It is just an idea and may not work but working at the proxy layer means this can be deployed at a team level, needs no MCP install and can re-shape prompts for everyone depending on the project. Wild idea perhaps.
Author here! Coding agents kept reworking decisions we'd already settled - reviving an approach we ruled out in an ADR, redoing something a requirement already pinned. The context was in the repo; the agent had no current view of it.
Lore serves your team's durable knowledge - requirements, decisions, designs, roadmaps, prompts - all as typed Markdown, read-only to Claude Code / Cursor over MCP, so the agent cites your decisions instead of contradicting them.

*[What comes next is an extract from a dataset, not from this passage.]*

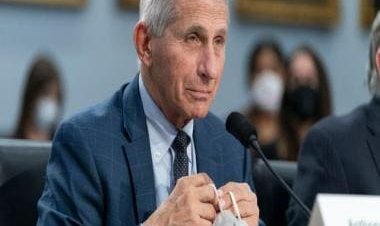 Dr Anthony Fauci to step down in December: How the top doctor became face of US’ COVID-19 response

The bet: retrieval is deterministic. No embeddings, no vector store, no model call to pick what's relevant — same query, same bytes, same result, offline. It's not a RAG competitor; it composes — recall fuzzily, then verify the EXACT, CURRENT decision in Lore (it declines the ones you've superseded). Runs in CI (rac validate / rac gate) too.
pipx install rac-core
rac quickstart
claude mcp add lore -- rac mcp
What it isn't: a search index, a memory layer, or an AI feature — the engine makes no LLM calls, no telemetry unless you opt in. Early, and my corpus is small, so I'd like to hear where deterministic grounding breaks down for you vs. where fuzzy recall is enough.(Lore is the product; the engine under it is RAC — Requirements as Code, the `rac` package.) Apache-2.0, typed.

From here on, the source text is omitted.